LOGFILE = '/var/log/squid/access.log'

You will need to set up a cron entry to run logfiles.py at appropriate intervals. How often will depend on how busy your proxy server is, so you might need to adjust to your requirements. Here's the kind of thing you should put into your crontab:

*/15 * * * * cd /usr/local/surftrackr/media && /usr/bin/python logfiles.py

That will run the command every 15 minutes (type "man 5 crontab" for more info).

Security considerations

Generally, it's not a good idea to run a script like logfiles.py as the root user, since it might have 'blemishes' which could cause security problems. You're taking data from a source (the logfile) which in turn takes its data from an untrusted source: your users' web surfing habits. It's not impossible that a carefully-crafted web request in your logs could cause logfiles.py to choke and malfunction in unpredictable ways. Any such problems will be magnified significantly if logfiles.py is running as root.

Unfortunately, the squid logfiles on many Unix systems will be inaccessible to ordinary users. Here's a directory listing of /var/log from my Linux box:

-rw-r----- 1 mysql  adm        20 2008-03-06 06:25 mysql.log.7.gz
drwxr-sr-x 2 news   news     4096 2008-01-10 11:04 news
-rw-r--r-- 1 root   root        0 2008-05-12 12:55 pycentral.log
drwxr-x--- 2 squid  squid    4096 2008-03-14 06:25 squid
-rw-r----- 1 syslog adm     20977 2008-03-14 16:30 syslog

You'll notice that the permissions on the squid directory don't permit anyone but the 'squid' user to access the directory's contents. You could change them using a command like this:

chmod 755 squid

But then you'd also need to change the access.log permissions as well, and they might be reset when logrotate archives the log and creates a new one - a process which can happen quite regularly on a carefully maintained Unix system.

The correct answer is to create a user with permissions to read the squid logfiles, and set up a cron entry for that user, as shown above. For the directory listing shown, it's clear that a user in the 'squid' group will be able to read the squid directory, so creating a user in that group would be an ideal solution. Doing this requires a bit of 'local knowledge' on your part, since it varies from one Unix system to another. On my Centos system, I can use this command:

useradd -g squid surftrackr

That creates a surftrackr user in the squid group.  Then I can type su - surftrackr to 'become' that user, and set up the cron entry as described above.

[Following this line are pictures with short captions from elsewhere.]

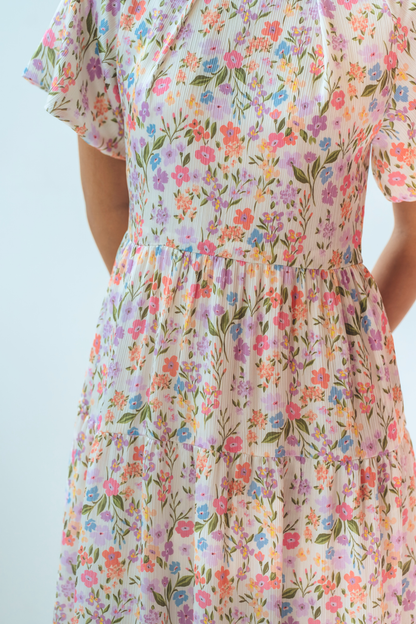 Blush Spring Flutter Midi Dress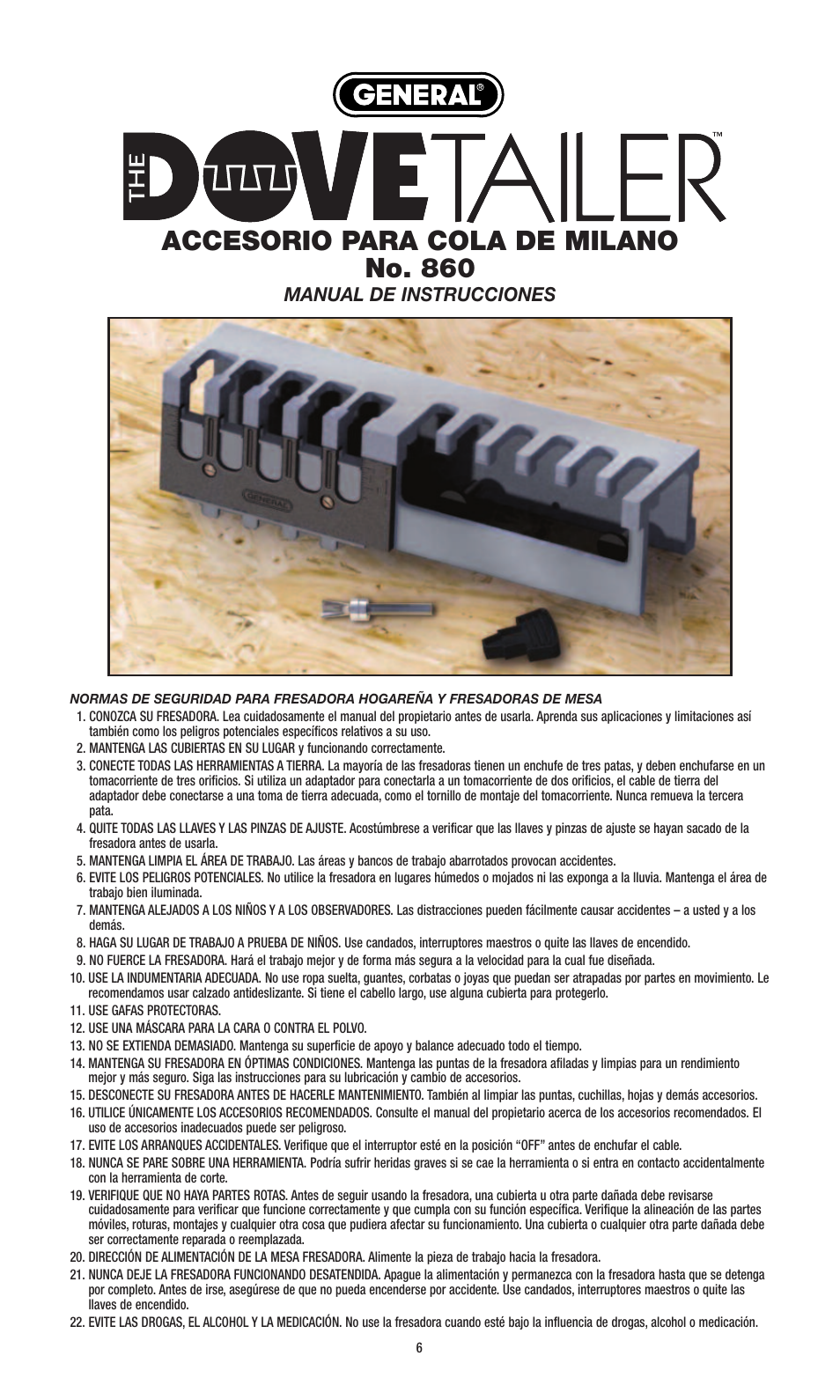 Accesorio para cola de milano no. 860, Manual de instrucciones | General Tools and Instruments 860 v.1 User Manual | Page 6 / 16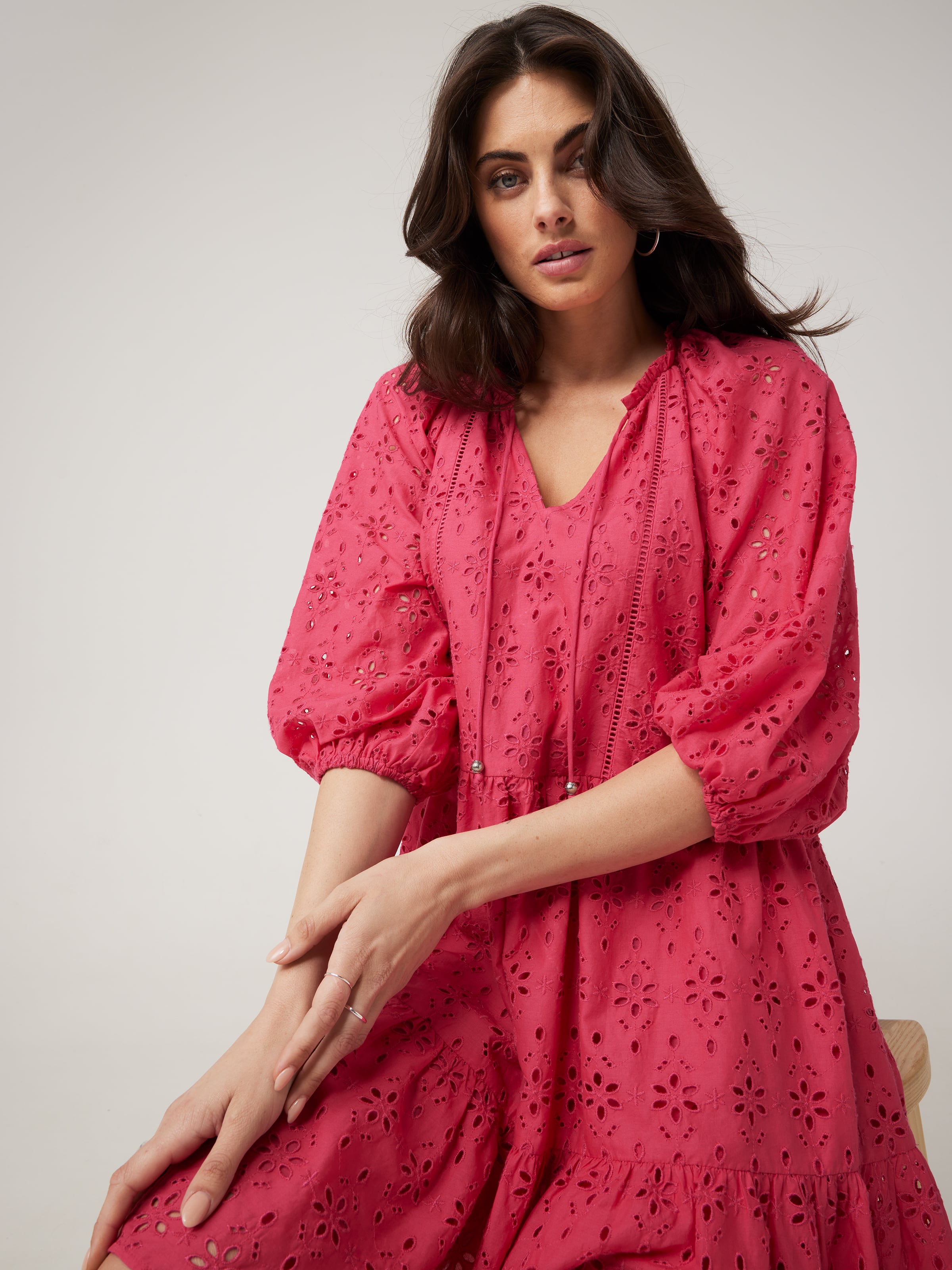 Naomi Short Broderie Dress Just Jeans Online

If you're using file uploading in addition to taking data directly from the logfile, you'll also need to ensure that the 'media/logs' directory is writable by your Apache user (which needs to write files into that directory). Additionally, logs and logs-processed need to be writable by the user logfiles.py will be run as, since that user needs to be able to scan the logs directory for files, then move them into logs-processed when they have been loaded into the Surftrackr database. Doing this is left as an exercise for the reader, but email me if you're not sure.

Simon Burns
14 March, 2008